WORK TO BE COMPLETED => Every line below that has "Hotel" in it should be copied.

DATASET CONTENT =>
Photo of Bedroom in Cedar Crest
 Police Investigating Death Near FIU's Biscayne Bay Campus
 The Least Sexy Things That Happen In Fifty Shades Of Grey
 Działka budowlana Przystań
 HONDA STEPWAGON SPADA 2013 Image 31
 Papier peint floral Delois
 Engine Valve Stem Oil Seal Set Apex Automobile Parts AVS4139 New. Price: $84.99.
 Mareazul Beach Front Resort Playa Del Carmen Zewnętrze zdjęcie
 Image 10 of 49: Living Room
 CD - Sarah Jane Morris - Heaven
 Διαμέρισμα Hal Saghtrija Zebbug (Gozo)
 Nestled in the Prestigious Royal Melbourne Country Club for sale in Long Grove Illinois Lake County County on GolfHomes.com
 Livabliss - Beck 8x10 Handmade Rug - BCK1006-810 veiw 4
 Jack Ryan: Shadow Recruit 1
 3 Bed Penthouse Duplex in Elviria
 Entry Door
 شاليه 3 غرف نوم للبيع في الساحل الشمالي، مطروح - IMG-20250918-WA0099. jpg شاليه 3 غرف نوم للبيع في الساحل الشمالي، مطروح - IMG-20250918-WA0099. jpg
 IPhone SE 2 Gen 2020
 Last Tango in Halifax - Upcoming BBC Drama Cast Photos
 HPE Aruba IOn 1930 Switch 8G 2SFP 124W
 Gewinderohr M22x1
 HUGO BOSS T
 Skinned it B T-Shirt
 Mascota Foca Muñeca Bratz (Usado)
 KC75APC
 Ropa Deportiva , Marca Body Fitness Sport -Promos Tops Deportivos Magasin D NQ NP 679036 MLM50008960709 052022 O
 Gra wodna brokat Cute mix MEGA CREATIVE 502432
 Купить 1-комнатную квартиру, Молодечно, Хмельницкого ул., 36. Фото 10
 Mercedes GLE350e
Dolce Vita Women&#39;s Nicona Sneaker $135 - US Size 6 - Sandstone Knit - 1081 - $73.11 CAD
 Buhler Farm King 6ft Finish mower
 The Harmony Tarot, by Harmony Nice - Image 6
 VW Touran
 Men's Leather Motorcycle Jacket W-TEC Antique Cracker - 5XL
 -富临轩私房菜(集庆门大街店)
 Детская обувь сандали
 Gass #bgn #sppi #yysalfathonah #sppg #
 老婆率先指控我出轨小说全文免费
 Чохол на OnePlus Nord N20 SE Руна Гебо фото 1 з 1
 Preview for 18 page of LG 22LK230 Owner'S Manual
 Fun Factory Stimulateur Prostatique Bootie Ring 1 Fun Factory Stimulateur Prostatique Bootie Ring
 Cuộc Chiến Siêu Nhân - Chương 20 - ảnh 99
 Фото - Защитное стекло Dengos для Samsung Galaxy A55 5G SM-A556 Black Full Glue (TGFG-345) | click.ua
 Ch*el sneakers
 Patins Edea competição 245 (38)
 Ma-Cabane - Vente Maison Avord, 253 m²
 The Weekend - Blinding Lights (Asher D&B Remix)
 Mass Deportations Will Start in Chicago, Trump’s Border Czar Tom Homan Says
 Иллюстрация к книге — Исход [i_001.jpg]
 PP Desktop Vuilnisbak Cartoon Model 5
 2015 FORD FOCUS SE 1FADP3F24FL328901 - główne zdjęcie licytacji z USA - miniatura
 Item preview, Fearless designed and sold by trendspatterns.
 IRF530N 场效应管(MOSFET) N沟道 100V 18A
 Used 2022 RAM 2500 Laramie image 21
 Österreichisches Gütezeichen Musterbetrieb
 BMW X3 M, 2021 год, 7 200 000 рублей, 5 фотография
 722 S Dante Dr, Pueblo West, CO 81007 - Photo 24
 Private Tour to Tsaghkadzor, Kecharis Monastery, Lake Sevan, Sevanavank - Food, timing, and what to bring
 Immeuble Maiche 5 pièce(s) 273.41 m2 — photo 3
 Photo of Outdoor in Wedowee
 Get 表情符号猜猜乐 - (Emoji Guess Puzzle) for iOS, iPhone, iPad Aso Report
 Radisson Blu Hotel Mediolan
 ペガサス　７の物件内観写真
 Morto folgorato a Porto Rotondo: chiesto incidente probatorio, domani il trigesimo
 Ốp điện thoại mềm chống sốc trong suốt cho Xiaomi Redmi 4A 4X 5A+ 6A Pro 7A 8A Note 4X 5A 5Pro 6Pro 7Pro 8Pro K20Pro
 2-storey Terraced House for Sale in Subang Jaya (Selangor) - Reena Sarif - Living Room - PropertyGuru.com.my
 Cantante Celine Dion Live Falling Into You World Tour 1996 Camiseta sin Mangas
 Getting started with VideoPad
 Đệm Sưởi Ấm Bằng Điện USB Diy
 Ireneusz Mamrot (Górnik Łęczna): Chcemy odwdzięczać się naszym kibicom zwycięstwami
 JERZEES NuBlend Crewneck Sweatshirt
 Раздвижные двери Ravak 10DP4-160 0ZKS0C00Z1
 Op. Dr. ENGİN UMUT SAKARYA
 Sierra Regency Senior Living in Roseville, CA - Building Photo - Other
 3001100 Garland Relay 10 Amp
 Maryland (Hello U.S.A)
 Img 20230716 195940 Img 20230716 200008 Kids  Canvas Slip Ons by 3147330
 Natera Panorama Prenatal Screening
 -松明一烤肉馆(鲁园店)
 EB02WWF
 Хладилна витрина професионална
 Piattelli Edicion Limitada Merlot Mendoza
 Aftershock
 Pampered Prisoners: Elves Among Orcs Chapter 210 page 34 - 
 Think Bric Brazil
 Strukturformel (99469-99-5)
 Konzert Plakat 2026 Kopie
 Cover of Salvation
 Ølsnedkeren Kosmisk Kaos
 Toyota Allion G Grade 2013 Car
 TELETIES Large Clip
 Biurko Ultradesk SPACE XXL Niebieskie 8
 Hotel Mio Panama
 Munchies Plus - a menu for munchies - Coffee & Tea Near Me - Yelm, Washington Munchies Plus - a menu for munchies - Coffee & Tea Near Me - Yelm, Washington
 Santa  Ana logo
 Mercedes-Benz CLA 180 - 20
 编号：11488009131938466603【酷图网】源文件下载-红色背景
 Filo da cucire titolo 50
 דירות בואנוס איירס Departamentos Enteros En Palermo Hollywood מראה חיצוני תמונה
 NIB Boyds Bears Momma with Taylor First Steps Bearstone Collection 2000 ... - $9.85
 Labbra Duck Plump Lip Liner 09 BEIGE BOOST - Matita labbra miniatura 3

WRITTEN RESPONSE =>
 Radisson Blu Hotel Mediolan
 Hotel Mio Panama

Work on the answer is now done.